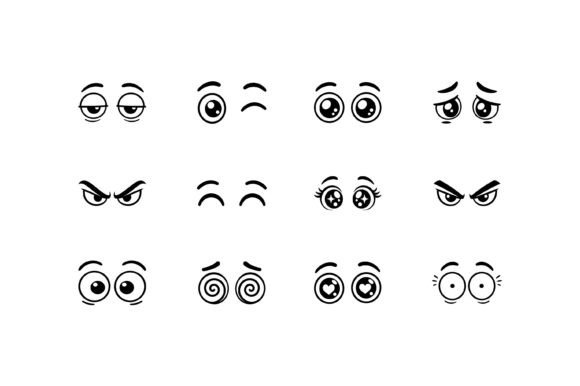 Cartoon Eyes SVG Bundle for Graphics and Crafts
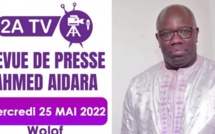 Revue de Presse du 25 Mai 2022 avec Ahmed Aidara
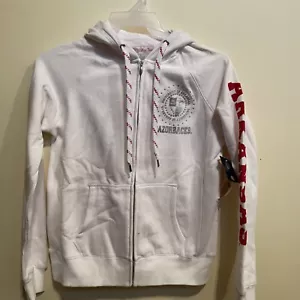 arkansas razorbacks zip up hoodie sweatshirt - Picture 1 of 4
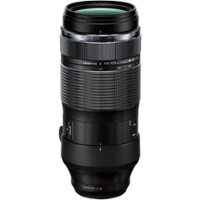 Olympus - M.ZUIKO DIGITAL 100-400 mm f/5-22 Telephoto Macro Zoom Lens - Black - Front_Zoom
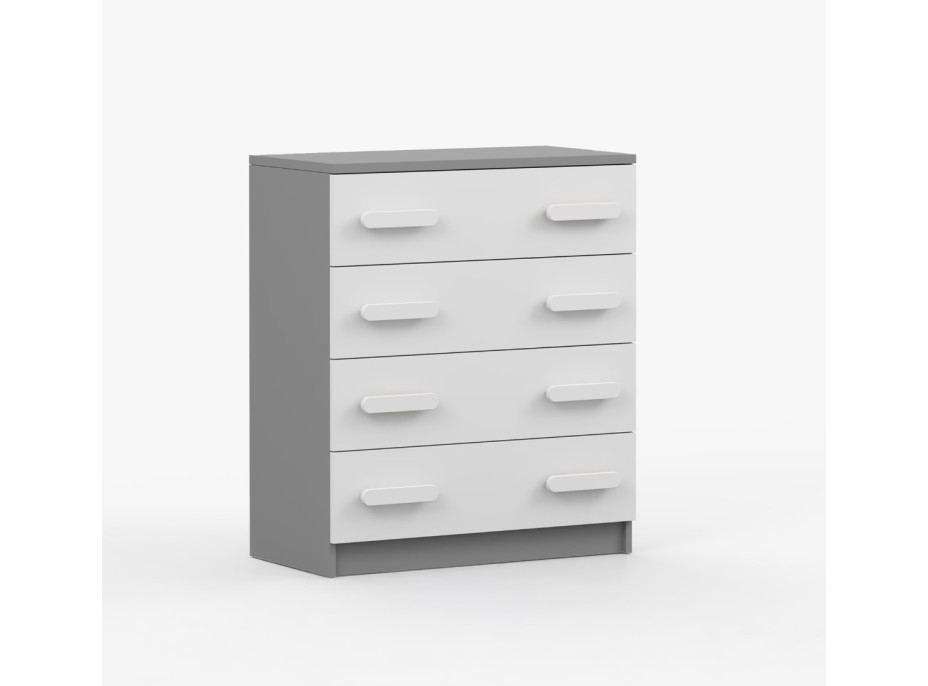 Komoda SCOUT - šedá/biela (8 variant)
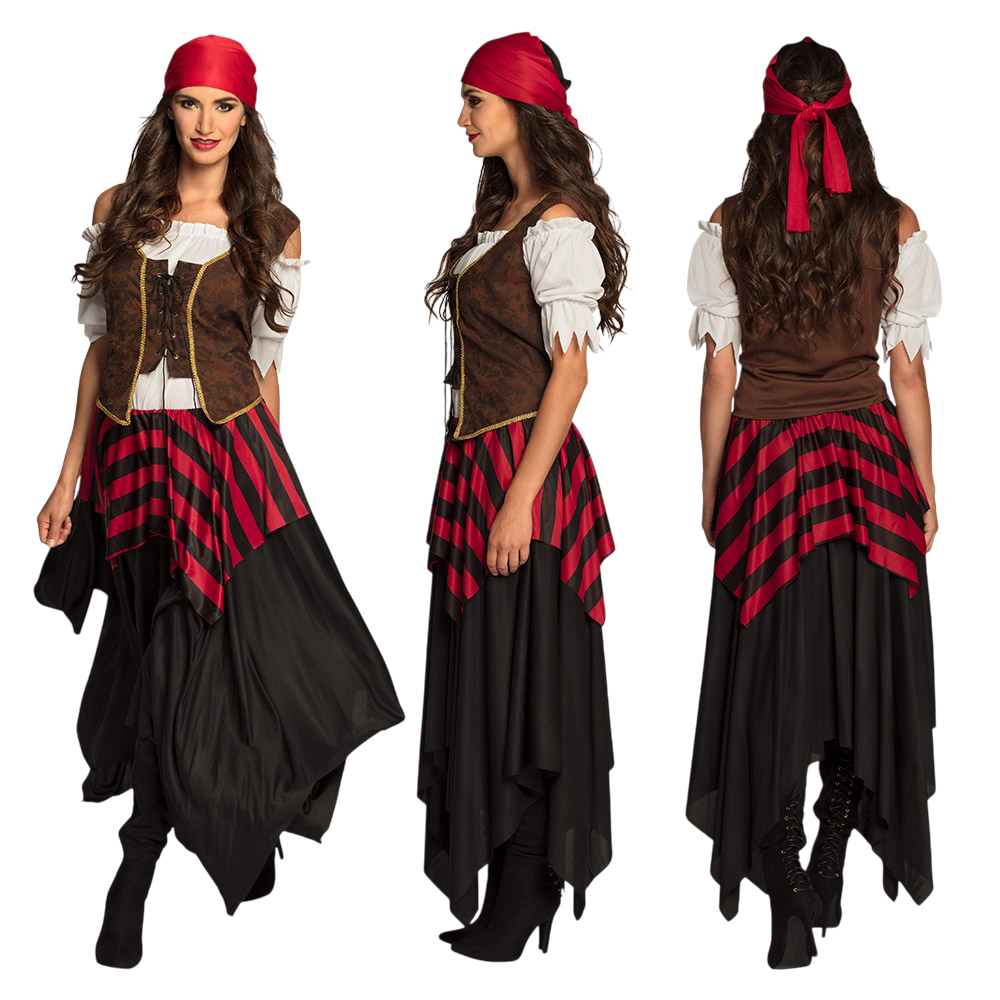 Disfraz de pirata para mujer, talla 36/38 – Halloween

------------

_Work instruction_:
Find the line containing "arkansas razorbacks zip" in the records above and restate it, and each line after it through the end, word for word, dropping the pictures.

_Solved exercise_:
 arkansas razorbacks zip up hoodie sweatshirt - Picture 1 of 4
 Olympus - M.ZUIKO DIGITAL 100-400 mm f/5-22 Telephoto Macro Zoom Lens - Black - Front_Zoom
 Komoda SCOUT - šedá/biela (8 variant)
 Disfraz de pirata para mujer, talla 36/38 – Halloween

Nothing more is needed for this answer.